L’enjeu n’est pas l’arrivée la plus rapide, mais le chemin. Sans jugement. Sans même devoir revendiquer le mot spiritualité. Ce qui nous manque encore ce sont des espaces pour le faire, des espaces légitimes qui en reconnaissent l’importance. L’importance d’être, de persévérer dans notre être (Spinoza).

Peut-être y trouverions-nous ou consoliderions-nous des bases solides intérieures pour mieux respecter les différences; et renverser la violence des dominations qui peuvent nous exaspérer sans passer soi-même par la violence physique mais en la canalisant pour œuvrer vers des changements structurels de fond.
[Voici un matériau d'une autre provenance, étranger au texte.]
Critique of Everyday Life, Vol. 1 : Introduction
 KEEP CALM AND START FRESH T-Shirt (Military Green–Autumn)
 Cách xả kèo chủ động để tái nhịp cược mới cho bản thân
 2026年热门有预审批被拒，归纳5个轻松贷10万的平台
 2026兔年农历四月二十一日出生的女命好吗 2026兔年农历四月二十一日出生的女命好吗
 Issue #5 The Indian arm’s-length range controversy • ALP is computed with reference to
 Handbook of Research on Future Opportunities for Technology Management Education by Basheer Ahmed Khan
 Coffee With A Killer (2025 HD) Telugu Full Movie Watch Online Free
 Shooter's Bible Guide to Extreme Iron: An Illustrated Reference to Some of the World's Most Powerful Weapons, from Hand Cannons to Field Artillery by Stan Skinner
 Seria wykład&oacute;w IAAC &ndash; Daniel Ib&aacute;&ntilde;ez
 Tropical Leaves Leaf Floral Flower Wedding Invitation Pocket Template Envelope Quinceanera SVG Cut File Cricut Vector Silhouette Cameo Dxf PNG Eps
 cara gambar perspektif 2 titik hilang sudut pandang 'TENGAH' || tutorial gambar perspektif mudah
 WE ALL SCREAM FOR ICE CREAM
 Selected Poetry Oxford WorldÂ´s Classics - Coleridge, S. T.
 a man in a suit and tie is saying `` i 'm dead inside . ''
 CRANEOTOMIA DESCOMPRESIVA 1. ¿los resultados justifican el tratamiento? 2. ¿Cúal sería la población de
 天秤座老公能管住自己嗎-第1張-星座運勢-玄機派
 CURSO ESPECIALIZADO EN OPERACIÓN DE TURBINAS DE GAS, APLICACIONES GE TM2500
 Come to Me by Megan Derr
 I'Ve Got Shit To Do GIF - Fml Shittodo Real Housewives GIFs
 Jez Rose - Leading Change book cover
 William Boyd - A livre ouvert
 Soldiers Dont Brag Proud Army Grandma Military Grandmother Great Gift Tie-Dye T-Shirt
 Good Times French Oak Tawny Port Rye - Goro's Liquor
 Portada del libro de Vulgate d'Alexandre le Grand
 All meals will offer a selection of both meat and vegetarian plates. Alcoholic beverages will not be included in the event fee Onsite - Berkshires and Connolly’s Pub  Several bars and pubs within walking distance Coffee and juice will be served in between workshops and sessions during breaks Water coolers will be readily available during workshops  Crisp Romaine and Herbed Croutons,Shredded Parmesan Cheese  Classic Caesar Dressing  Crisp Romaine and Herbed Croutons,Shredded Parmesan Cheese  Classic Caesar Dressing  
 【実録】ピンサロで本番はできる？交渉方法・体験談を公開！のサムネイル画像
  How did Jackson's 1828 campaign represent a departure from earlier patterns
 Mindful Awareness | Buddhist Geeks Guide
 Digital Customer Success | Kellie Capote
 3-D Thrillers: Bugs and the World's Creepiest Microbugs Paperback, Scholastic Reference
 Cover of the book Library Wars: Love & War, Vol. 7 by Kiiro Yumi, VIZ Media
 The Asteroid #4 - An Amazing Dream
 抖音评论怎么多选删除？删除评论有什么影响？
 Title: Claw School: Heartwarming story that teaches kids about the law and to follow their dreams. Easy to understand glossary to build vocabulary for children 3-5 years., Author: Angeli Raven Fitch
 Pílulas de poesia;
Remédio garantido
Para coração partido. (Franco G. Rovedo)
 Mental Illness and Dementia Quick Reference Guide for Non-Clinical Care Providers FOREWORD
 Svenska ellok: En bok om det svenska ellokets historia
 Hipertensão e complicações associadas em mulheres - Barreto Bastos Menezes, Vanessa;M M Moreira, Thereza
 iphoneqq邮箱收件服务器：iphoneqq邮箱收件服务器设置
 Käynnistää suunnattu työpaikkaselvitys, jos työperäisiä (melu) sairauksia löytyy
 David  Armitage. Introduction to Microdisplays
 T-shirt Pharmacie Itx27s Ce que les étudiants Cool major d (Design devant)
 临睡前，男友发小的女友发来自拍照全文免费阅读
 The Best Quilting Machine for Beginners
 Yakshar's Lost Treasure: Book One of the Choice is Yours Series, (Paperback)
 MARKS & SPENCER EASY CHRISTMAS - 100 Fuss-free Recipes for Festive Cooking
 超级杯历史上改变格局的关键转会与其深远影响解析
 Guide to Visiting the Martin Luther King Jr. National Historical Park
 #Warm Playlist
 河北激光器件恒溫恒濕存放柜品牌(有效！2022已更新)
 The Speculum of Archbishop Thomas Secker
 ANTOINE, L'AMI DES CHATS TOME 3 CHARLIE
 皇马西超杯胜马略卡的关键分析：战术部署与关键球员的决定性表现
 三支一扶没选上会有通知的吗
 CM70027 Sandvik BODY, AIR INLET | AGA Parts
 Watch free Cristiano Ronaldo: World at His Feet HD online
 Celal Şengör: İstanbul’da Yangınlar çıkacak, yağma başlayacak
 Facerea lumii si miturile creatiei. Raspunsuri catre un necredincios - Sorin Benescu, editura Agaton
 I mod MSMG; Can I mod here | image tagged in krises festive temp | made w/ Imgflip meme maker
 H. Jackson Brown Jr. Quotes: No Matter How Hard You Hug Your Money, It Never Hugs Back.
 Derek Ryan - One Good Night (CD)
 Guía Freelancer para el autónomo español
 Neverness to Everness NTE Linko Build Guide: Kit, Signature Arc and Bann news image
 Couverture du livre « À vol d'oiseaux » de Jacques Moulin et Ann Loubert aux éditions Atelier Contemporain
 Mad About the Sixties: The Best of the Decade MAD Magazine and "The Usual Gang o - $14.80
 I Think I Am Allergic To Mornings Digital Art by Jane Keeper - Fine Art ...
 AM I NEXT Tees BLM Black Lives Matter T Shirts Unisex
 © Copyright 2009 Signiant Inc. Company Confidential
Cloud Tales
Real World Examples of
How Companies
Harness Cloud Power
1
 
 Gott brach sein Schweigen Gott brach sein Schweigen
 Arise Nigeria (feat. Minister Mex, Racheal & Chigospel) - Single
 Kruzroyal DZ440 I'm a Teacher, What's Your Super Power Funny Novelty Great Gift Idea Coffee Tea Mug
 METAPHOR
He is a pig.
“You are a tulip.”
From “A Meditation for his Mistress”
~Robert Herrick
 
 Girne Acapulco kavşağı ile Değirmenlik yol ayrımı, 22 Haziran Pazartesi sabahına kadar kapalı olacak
Aura-t-on le courage d’oser assumer notre propre héritage et avenir spirituel tel que pressenti par Malraux ? Après tout, revendiquer une transition écologique, n’est-ce pas se demander s’il existe autre chose que la seule matérialité sensible, destinée à nos consommations ? Assumer notre finitude et celle du monde pour mieux vivre l’instant présent, l’ici et le maintenant.

En ce sens, une transition dite intérieure alimente tout autant la transition écologique qu’elle en résulte. Et c’est peut–être bien au fond l’une des dimensions qu’il importerait de prendre en compte dans la construction d’un nouveau paradigme de civilisation en faveur du vivant.

Nous avons encore 10 ans pour agir. Après, le destin de la terre et partant le nôtre, ne sera plus entre nos mains. Et c’est de cela dont nous devrions avoir le plus peur.